Required work:
Omit every image, and transcribe the remaining entries exactly as given.

The input:

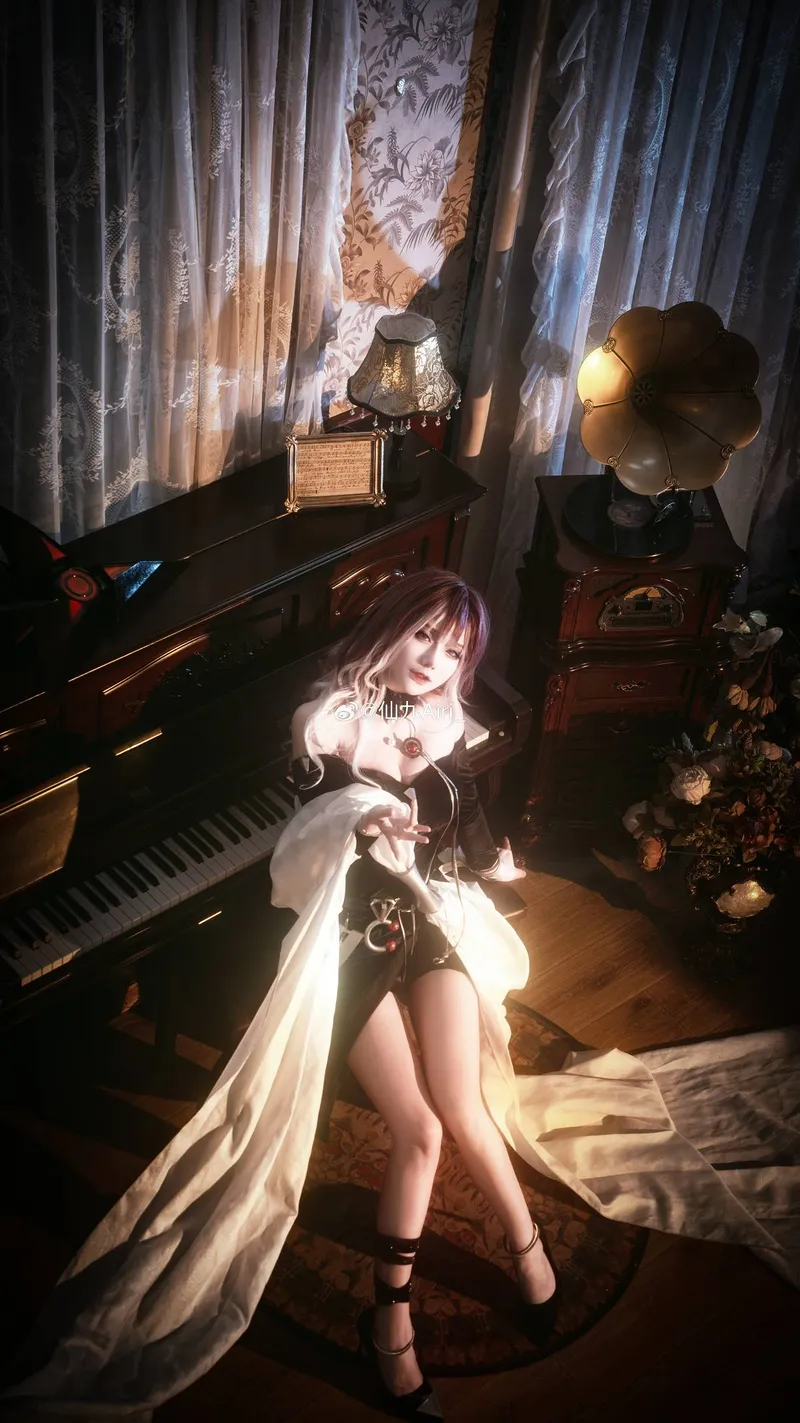 《无期迷途》瑟琳cosplay展示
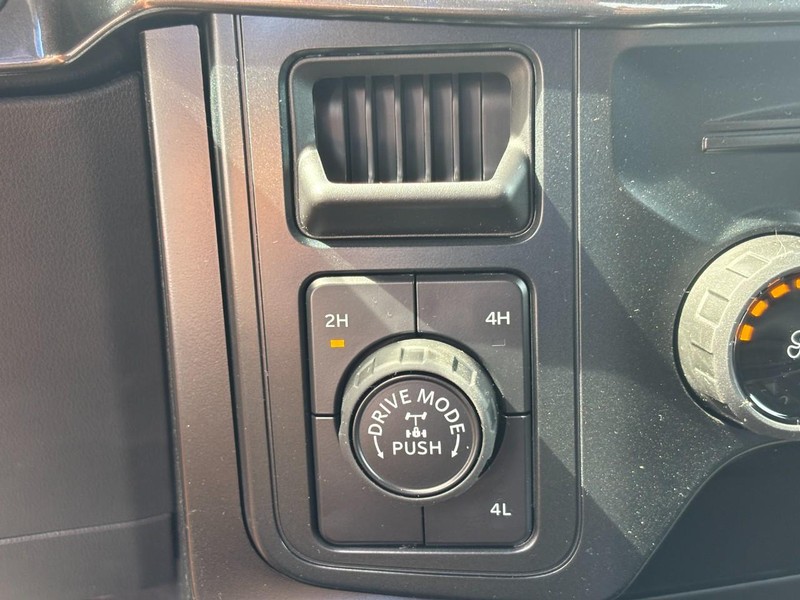 Ford F-150 Vehicle Full-screen Gallery Image 18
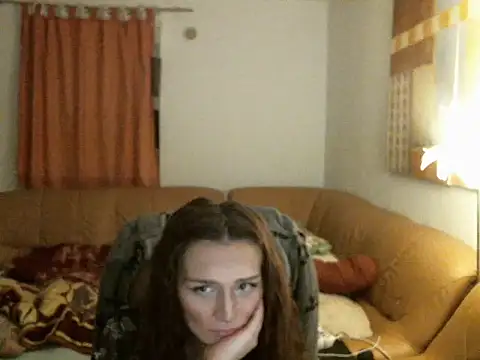 Snapshot of ludovika09 chatting on May 19, 2026, 8:26 pm ludovika09 online show from May 19, 2026, 8:26 pm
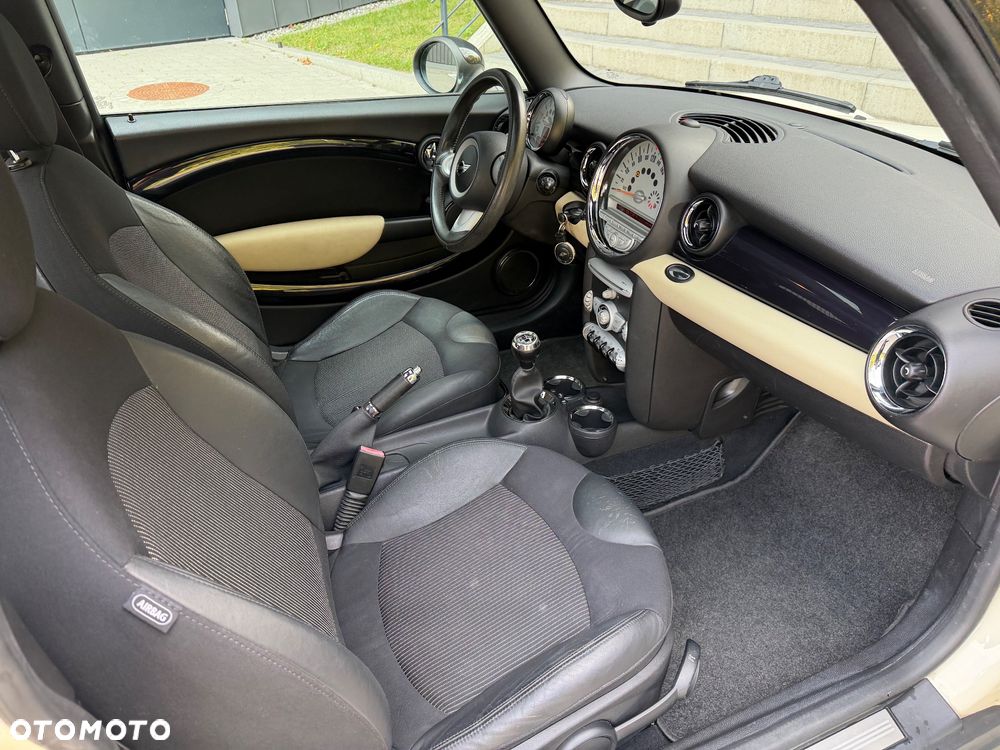 MINI Cooper - 25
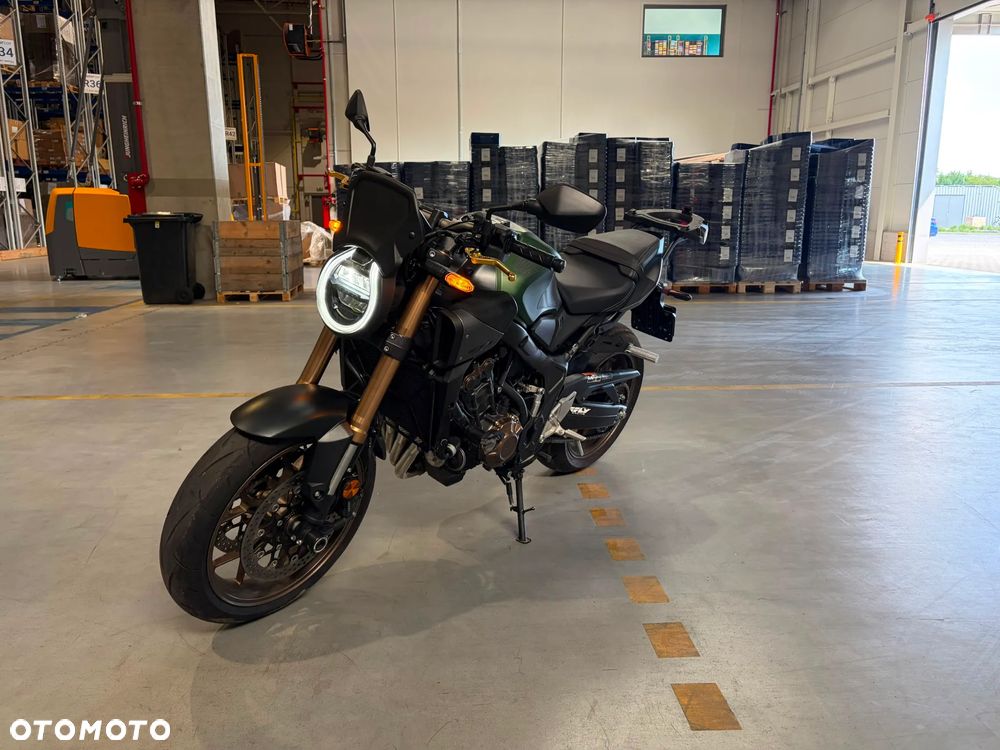 Honda CB - 4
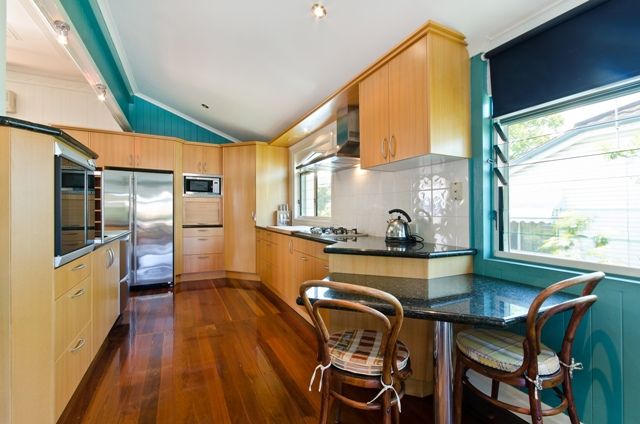 70 Winchester Street, Hamilton, QLD 4007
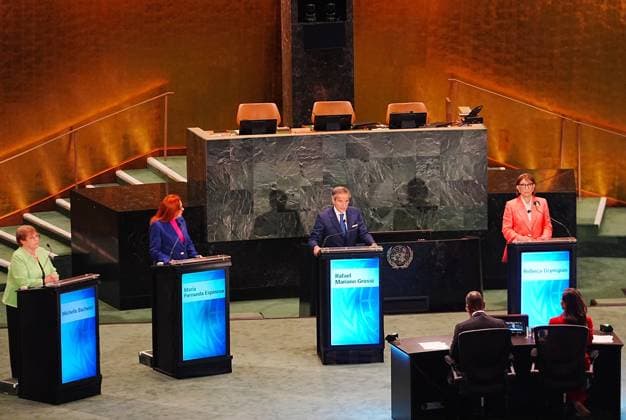 UN Town Hall for The Next Secretary-General NEW YORK, UNITED STATES - JULY 23: From left to right, the candidates are Michelle Bachelet of Chile, Maria Fernanda Espinosa of Ecuador, Rafael Grossi of Argentina and Rebeca Grynspan of Costa Rica as they take part in the United Nations Town Hall: The Next Secretary-General at UN Headquarters, on July 23, 2026 in New York City, United States. The candidates responded to questions from diplomats, UN staff and civil society representatives on key challenges facing the United Nations during the televised debate, organized and hosted by UN General Assembly President Annalena Baerbock and broadcast by Bloomberg. Selcuk Acar Anadolu New York United States. Editorial use only. Please get in touch f  Copyright: x2026xAnadoluxSelcukxAcarx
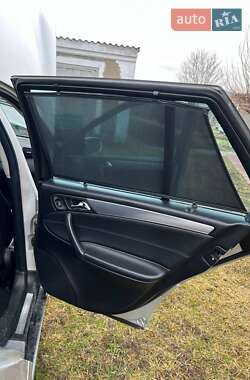 Универсал Mercedes-Benz C-Class 2004 в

Task output:
 《无期迷途》瑟琳cosplay展示
 Ford F-150 Vehicle Full-screen Gallery Image 18
 Snapshot of ludovika09 chatting on May 19, 2026, 8:26 pm ludovika09 online show from May 19, 2026, 8:26 pm
 MINI Cooper - 25
 Honda CB - 4
 70 Winchester Street, Hamilton, QLD 4007
 UN Town Hall for The Next Secretary-General NEW YORK, UNITED STATES - JULY 23: From left to right, the candidates are Michelle Bachelet of Chile, Maria Fernanda Espinosa of Ecuador, Rafael Grossi of Argentina and Rebeca Grynspan of Costa Rica as they take part in the United Nations Town Hall: The Next Secretary-General at UN Headquarters, on July 23, 2026 in New York City, United States. The candidates responded to questions from diplomats, UN staff and civil society representatives on key challenges facing the United Nations during the televised debate, organized and hosted by UN General Assembly President Annalena Baerbock and broadcast by Bloomberg. Selcuk Acar Anadolu New York United States. Editorial use only. Please get in touch f  Copyright: x2026xAnadoluxSelcukxAcarx
 Универсал Mercedes-Benz C-Class 2004 в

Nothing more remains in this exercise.